ACTION ITEM: Set the listing down exactly; no pictures.

COLLECTED MATERIAL:
*** Begin section ***
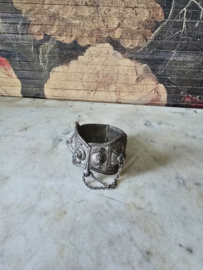 Verzilverde metalen Marokkaanse armband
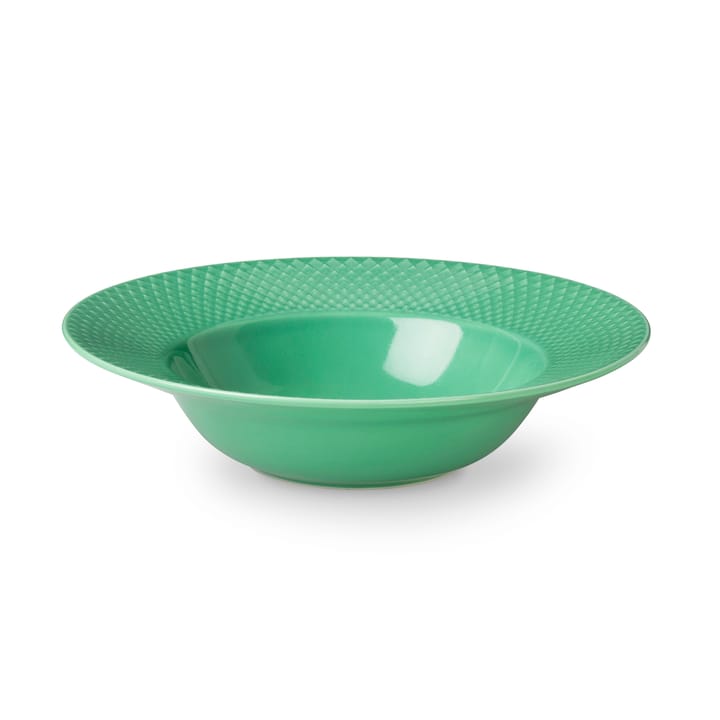 Rhombe dyp tallerken grønn, 24,5 cm Lyngby Porcelæn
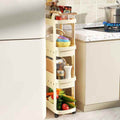 Slim Utility Trolley Storage Cart, Movable Trolley Cart for Narrow Gap, Kitchen, Bathroom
*** End section ***
WORKED SOLUTION:
 Verzilverde metalen Marokkaanse armband
 Rhombe dyp tallerken grønn, 24,5 cm Lyngby Porcelæn
 Slim Utility Trolley Storage Cart, Movable Trolley Cart for Narrow Gap, Kitchen, Bathroom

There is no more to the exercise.